• [DATASET SECTION]
<<<<
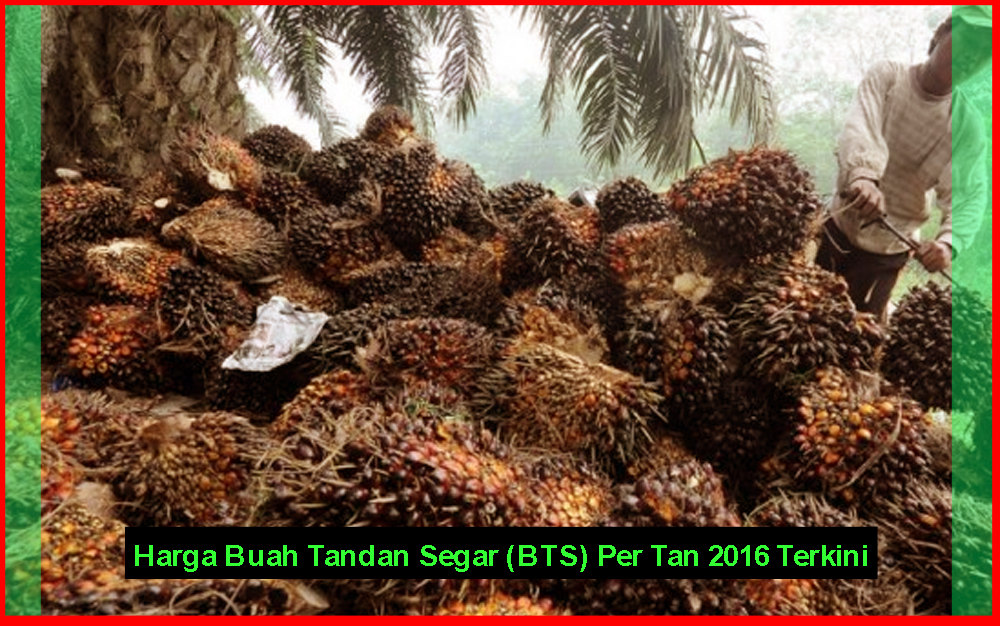 Harga Buah Tandan  Segar Kelapa  Sawit 2022 Terkini 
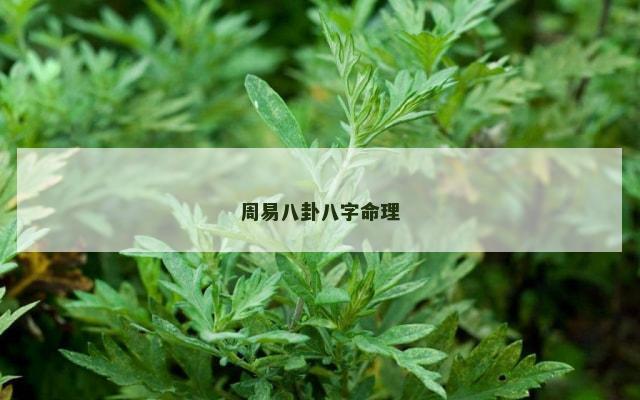 周易八卦八字命理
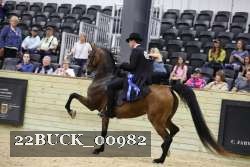22BUCK_00982 proof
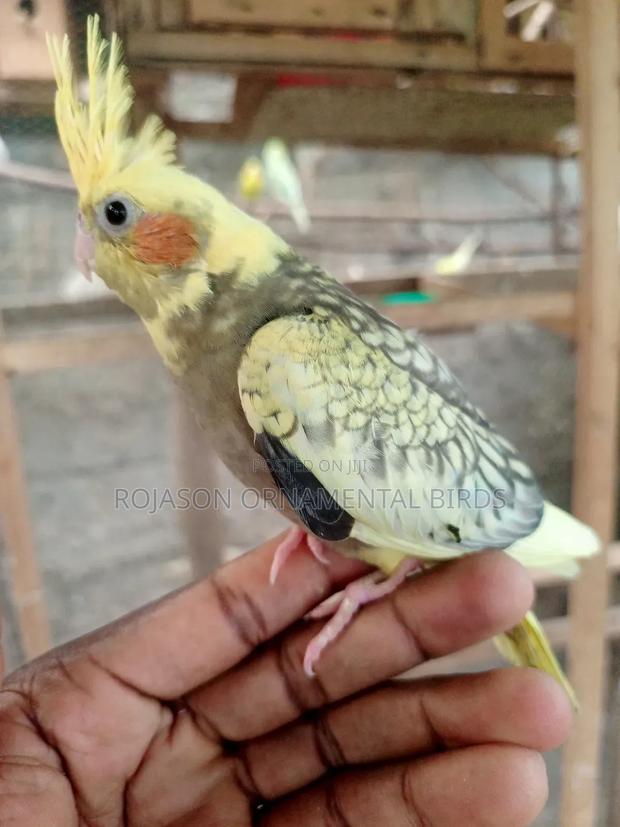 Hand Raised Cockatiels - thumbnail 2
>>>>
• [TASK] Apart from the pictures, every line above must be printed exactly.

• [RESPONSE TO THE EXERCISE]
 Harga Buah Tandan  Segar Kelapa  Sawit 2022 Terkini 
 周易八卦八字命理
22BUCK_00982 proof
 Hand Raised Cockatiels - thumbnail 2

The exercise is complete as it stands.